A Patterns Story: Code Review
It's more than just how you do pull requests
An ineffective feedback process can have many causes. And while the problems manifest in certain steps, like a Pull Request, the causes and solutions are often elsewhere.
To get a sense of how the Code Review Patterns work together to help the team get feedback consider this scenario. This specific scenario assumes that all changes are reviewed before merge, but one can imagine other scenarios, for example, only reviewing code with a certain risk level.
After a developer has completed a Small Development Task in a Task Branch they’d like to make sure that they get some feedback on their code before they merge to the Main Line. Since the Small Development Task is small, the change set will be small and quick to review.
While there are other opportunities for feedback during development, a last look before merging will be valuable. There are a few options for getting this pre-merge feedback. This team uses a Pull Request , because:
The platform enables some useful build automation,
It facilitates communication when the team is distributed,
It allows developers who are not feature partners to give feedback if they have the context and can do so promptly.

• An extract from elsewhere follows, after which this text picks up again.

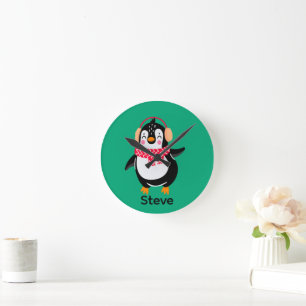 Horloge Ronde Manchot joyeux de Noël avec écharpe et cache-oreil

It allows others visibility into the flow of changes so that they can learn from them.
Because there is a Team Focus on delivering a certain feature set, the team has agreed that the feedback is a priority, so team members can give feedback promptly.
In the past, the team had been working in silos; the stated goal was to increase efficiency, but the team realized that it didn’t really improve delivery, so the team has agreed that everyone will have a Feature Partner who will be a design partner for a given task. (Some developers and their Feature Partners even work using Pair Programming). Because there is someone who has been involved in the design, and understands the goal of the feature, the feedback they give is useful, focusing on design and big picture items.

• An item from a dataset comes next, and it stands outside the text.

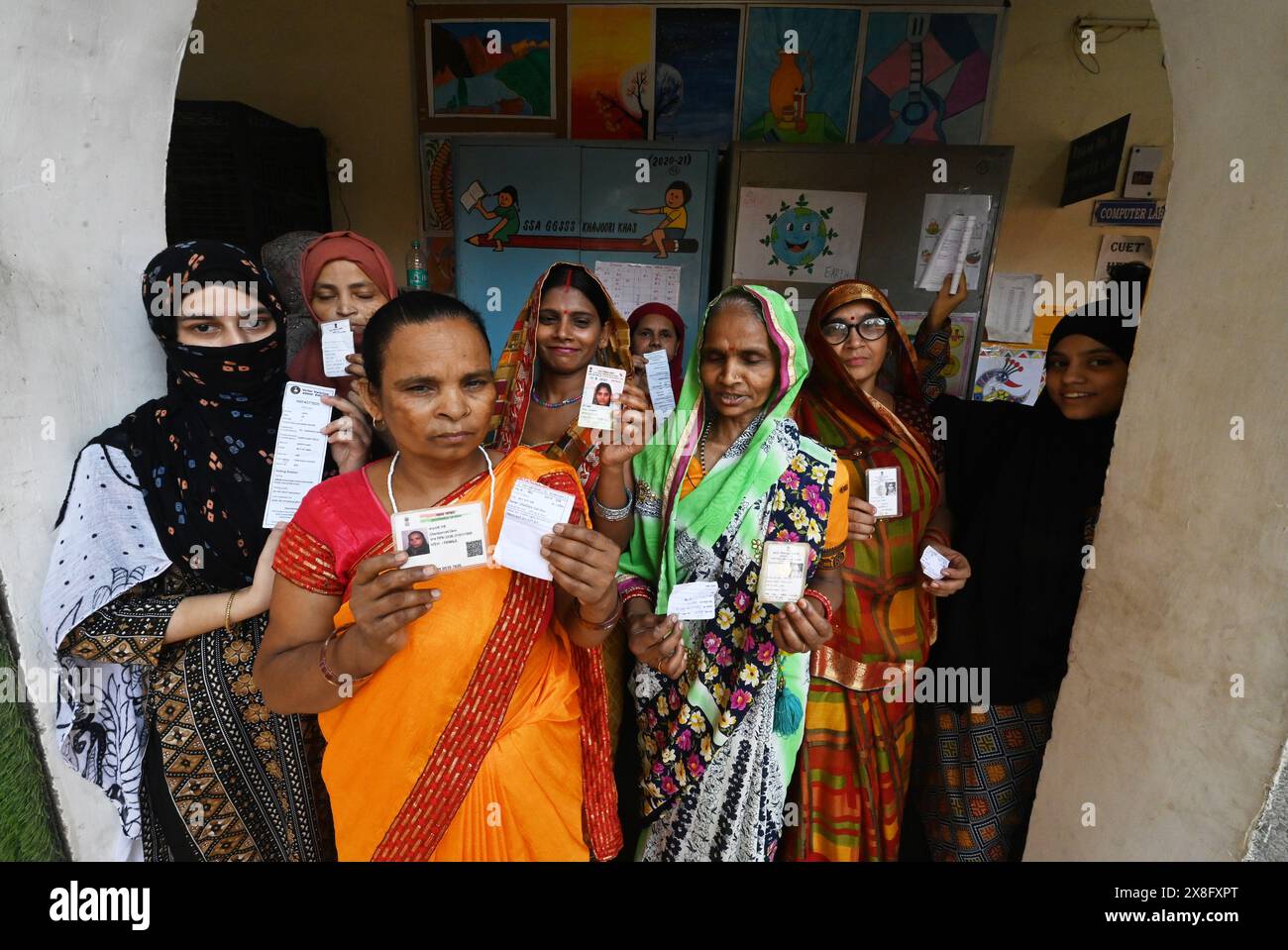 New Delhi, India. 25th May, 2024. Voters show their voting ID cards and finger marked with indelible ink after casting their vote at a polling station in East Delhi for the ongoing Parliamentary Election. (Photo by Sondeep Shankar/Pacific Press) Credit: Pacific Press Media Production Corp./Alamy Live News Stock Photo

Issues like style and formatting, and coding approaches that have known vulnerabilities and problems, are identified using Automated Checks, freeing the humans on the team to focus on larger-scale issues, and saving them time, which facilitates quicker review.
While the Pull Request mechanism allows for asynchronous feedback, it doesn’t mean that all feedback is asynchronous. From time-to-time the team will review code synchronously, perhaps after having some time to collect their thoughts. Feedback from the pull request is meant to improve the code, and the Pull Request won’t gate a merge, unless a developer finds a significant issue, in which case they will engage with the developer.

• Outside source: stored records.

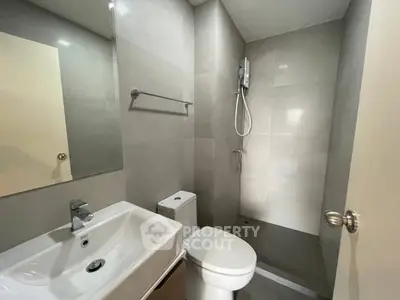 Modern bathroom with sleek fixtures and walk-in shower in contemporary apartment.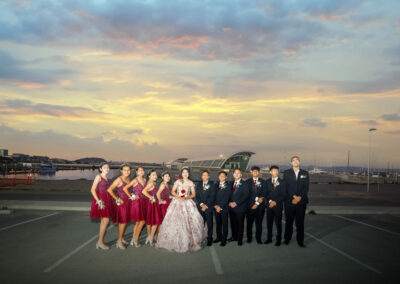 A group of bridesmaids and groomsmen standing in a parking lot.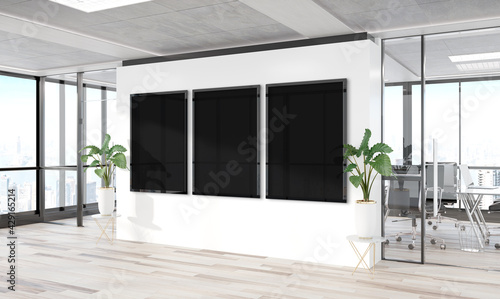 Three vertical frames Mockup hanging on wall. Mock up of billboards in modern wooden office interior 3D rendering © sdecoret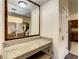 Vanity with granite countertop, mirror and view of kitchen at 12538 Floridays Resort Dr # C-211, Orlando, FL 32821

Once the developer has digested the comments, they make any changes and merge the code into the Main Line.
All of these steps allow for the feedback process to be timely, relevant, and actionable. With this ecosystem in place the team can usually merge changes within a few hours after the code is completed. (And sometimes sooner depending on the timing and the team’s working agreements.)
The above was an example of how a patterns-based approach to looking at the code review process might be useful. If you don’t want to think about patterns, think in terms of structures or process steps that depend on each other. It takes more to get good Code Review feedback than a checklist or an assertion. The work, and the rest of the process has to support it too.
A Note on Pull Requests
Two main pain points about branch-based work flows are:
Long Lived Branches
A Pull Request is defined in the Github Docs :
Pull requests let you tell others about changes you've pushed to a branch in a repository on GitHub. Once a pull request is opened, you can discuss and review the potential changes with collaborators and add follow-up commits before your changes are merged into the base branch.
A Pull Request, then, is:
A way to announce that code is “ready to merge into the Main Line.”
A way to request feedback (synchronously or asynchronously).
In common practice a Pull Request is asynchronous, but that need not be as I’ll discuss in the Pull Request Pattern.
Many of the troublesome artifacts of a Pull Request Process have roots in larger team environment. These can be avoided, though it takes discipline. For example, a Pull Request doesn’t require that reviews be slow, or gate my mandatory reviews. While a slower, gated process makes sense on an open source project, it’s counter productive for a product or project team.